**Provided entries:**
▬▬▬▬▬▬

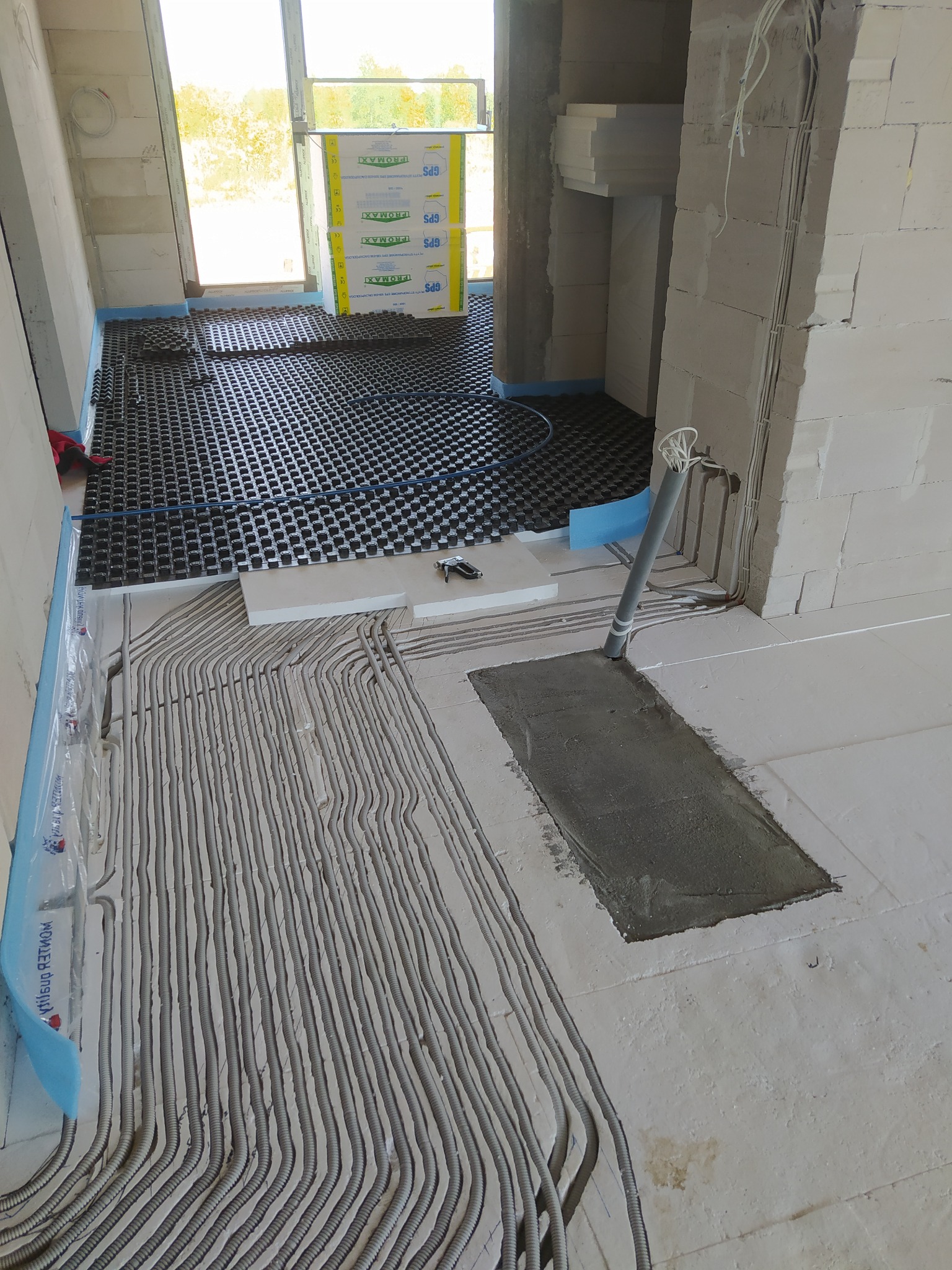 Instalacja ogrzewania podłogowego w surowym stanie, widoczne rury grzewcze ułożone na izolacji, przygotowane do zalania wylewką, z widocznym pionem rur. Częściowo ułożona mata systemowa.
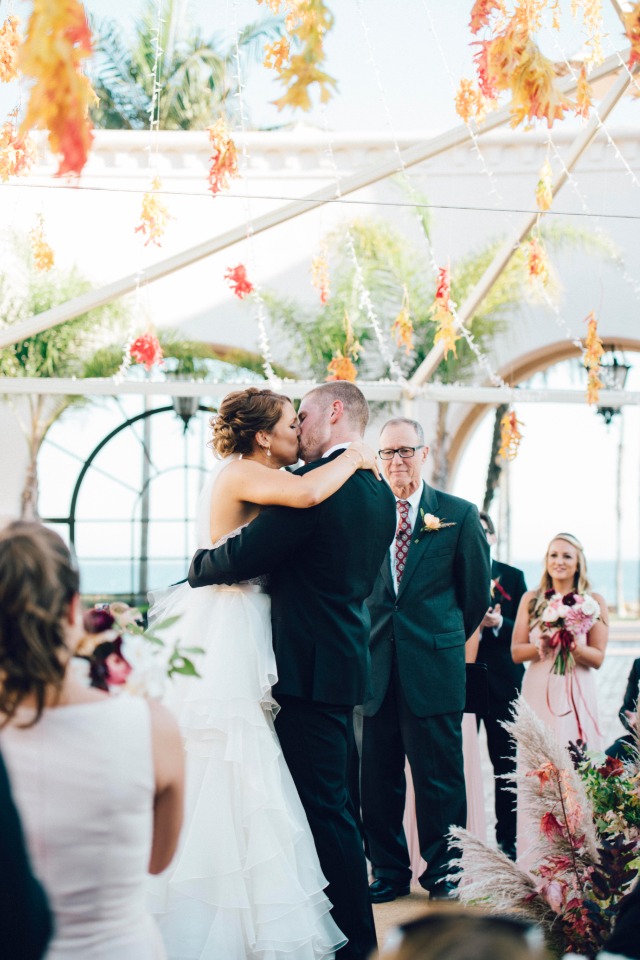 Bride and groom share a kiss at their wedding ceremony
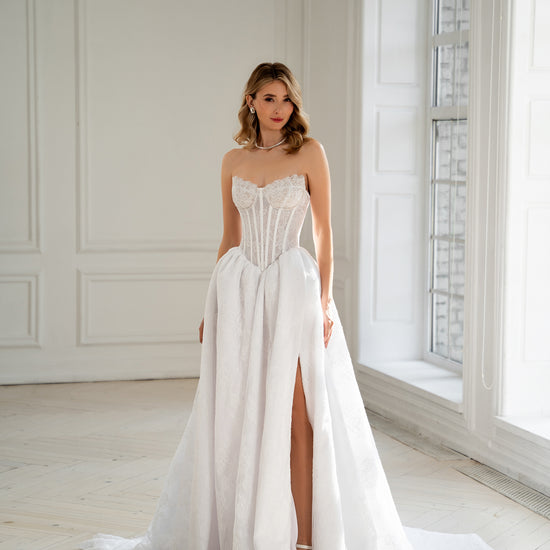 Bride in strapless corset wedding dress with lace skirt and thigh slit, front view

▬▬▬▬▬▬

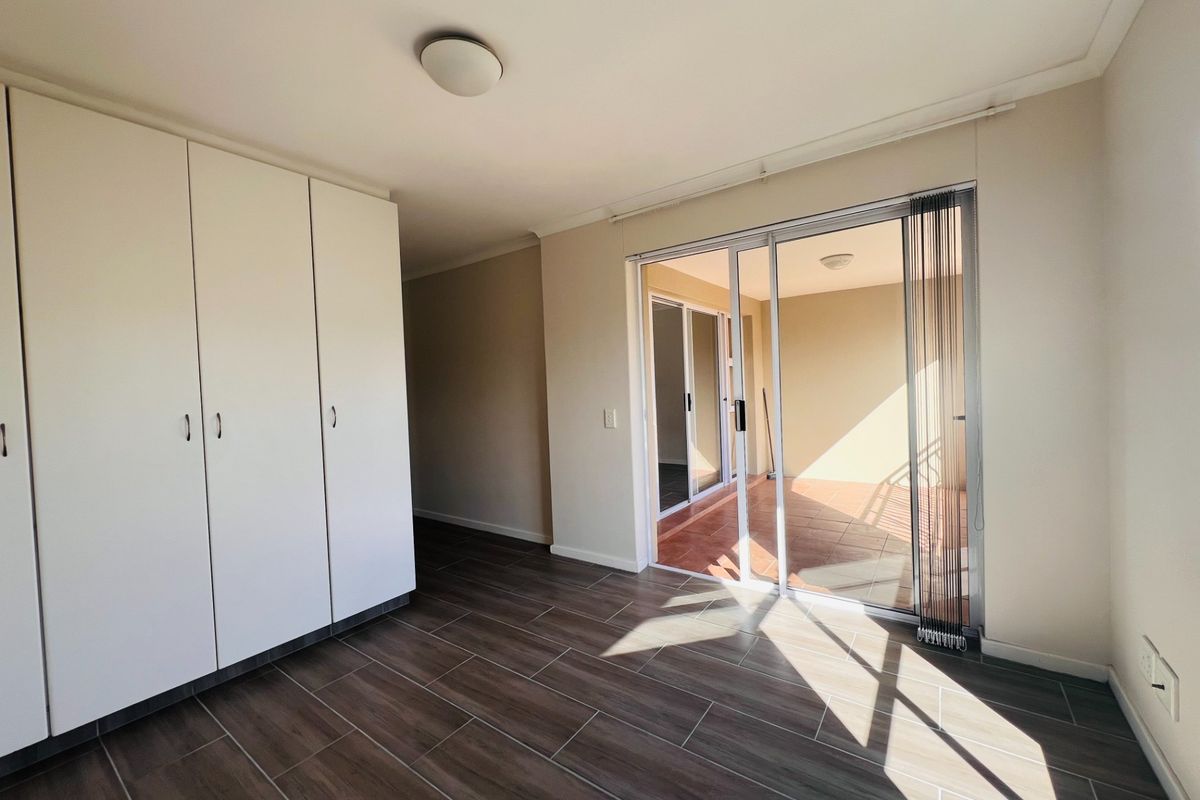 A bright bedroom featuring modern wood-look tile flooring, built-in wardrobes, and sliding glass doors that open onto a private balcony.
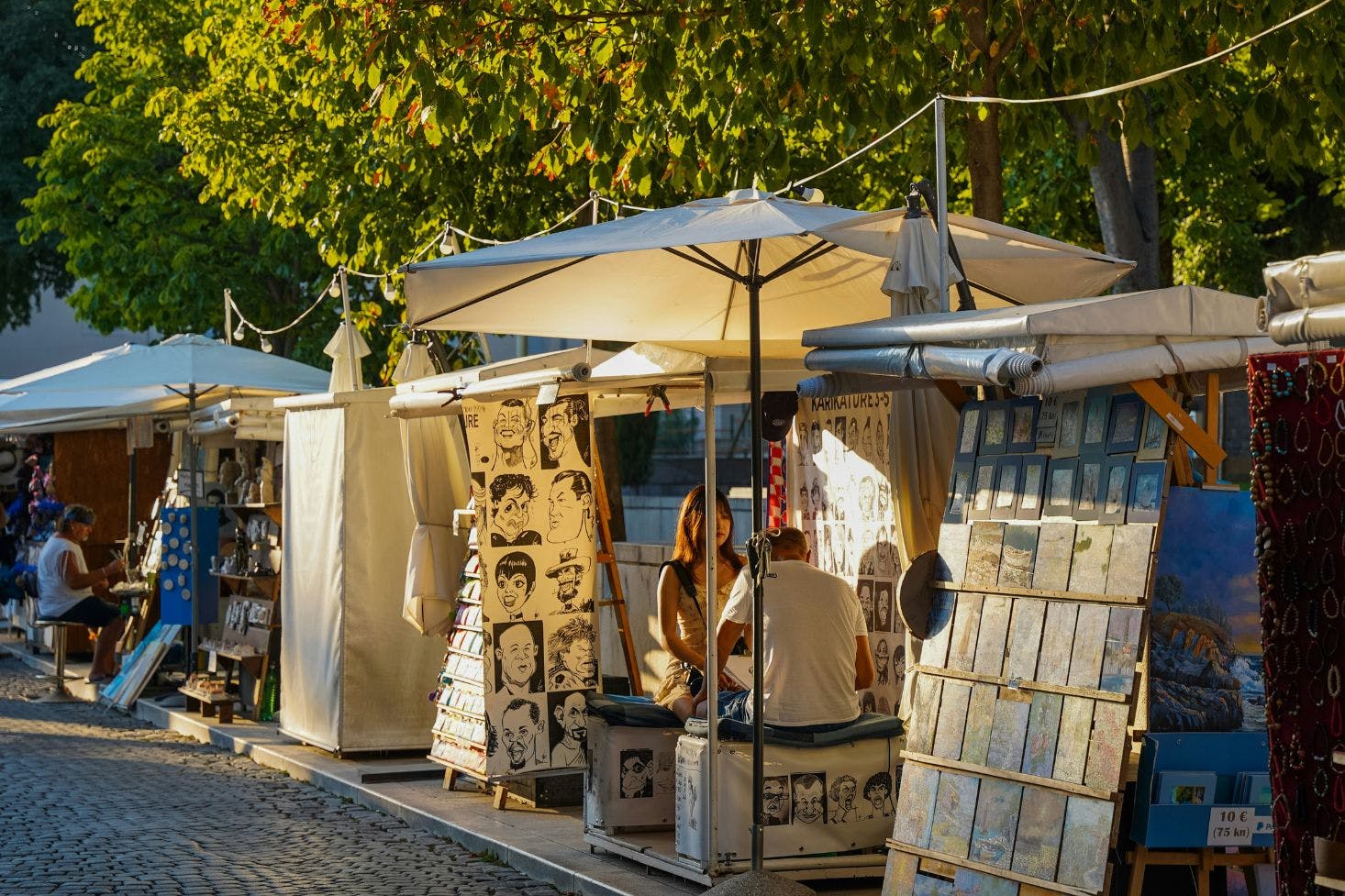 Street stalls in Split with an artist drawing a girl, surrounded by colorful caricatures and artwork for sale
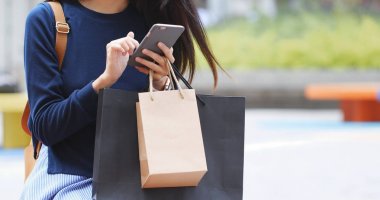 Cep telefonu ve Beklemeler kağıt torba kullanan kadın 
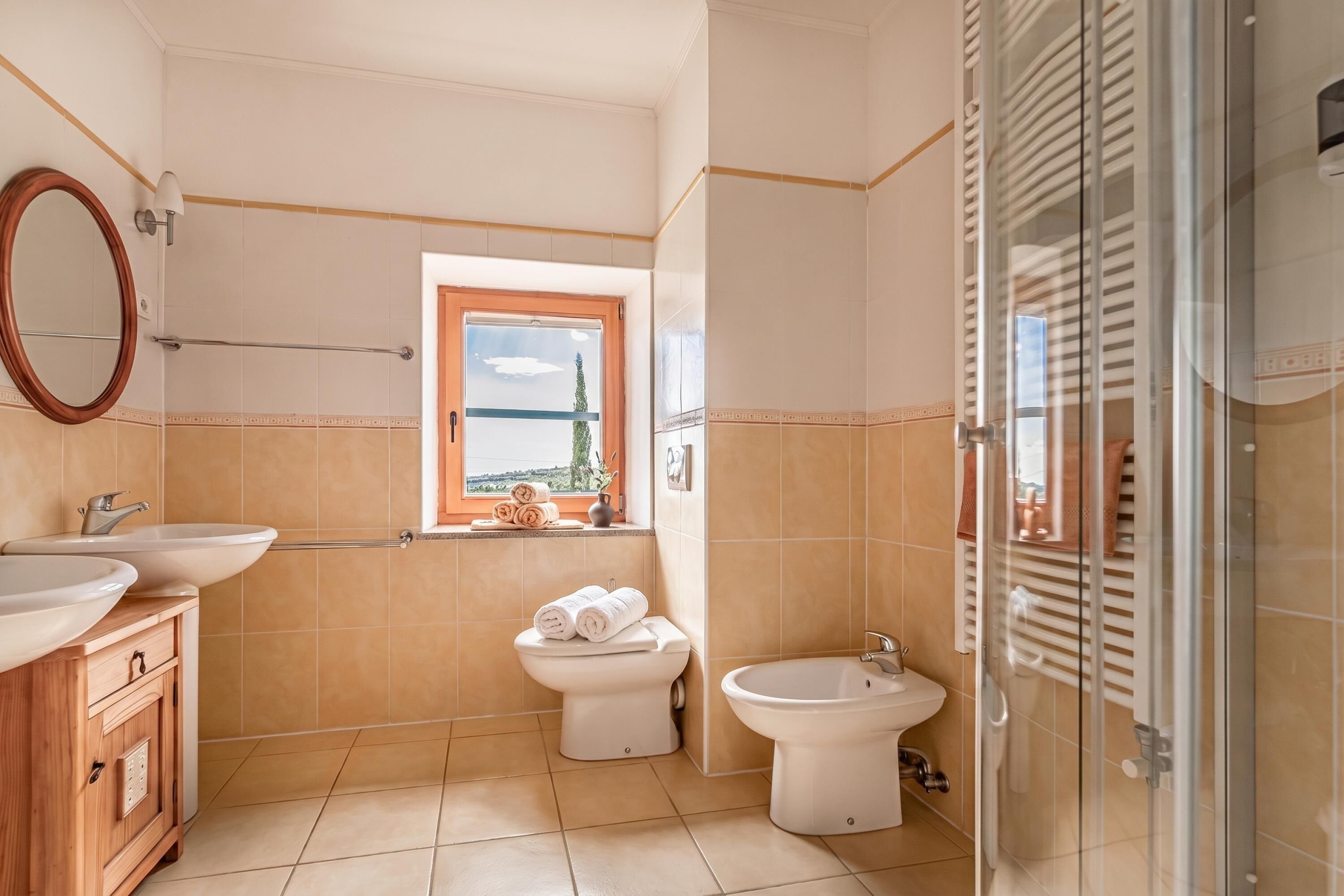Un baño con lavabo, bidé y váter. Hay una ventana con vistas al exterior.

▬▬▬▬▬▬

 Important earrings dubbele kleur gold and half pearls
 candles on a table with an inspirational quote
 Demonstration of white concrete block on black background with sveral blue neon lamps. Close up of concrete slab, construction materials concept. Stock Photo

▬▬▬▬▬▬

**What to produce:** The data above holds the lines to copy: start at the one with "Cep telefonu ve", stop at the one with "Un baño con", include both, copy them exactly without pictures, and copy nothing else.

**Expected answer:**
 Cep telefonu ve Beklemeler kağıt torba kullanan kadın 
Un baño con lavabo, bidé y váter. Hay una ventana con vistas al exterior.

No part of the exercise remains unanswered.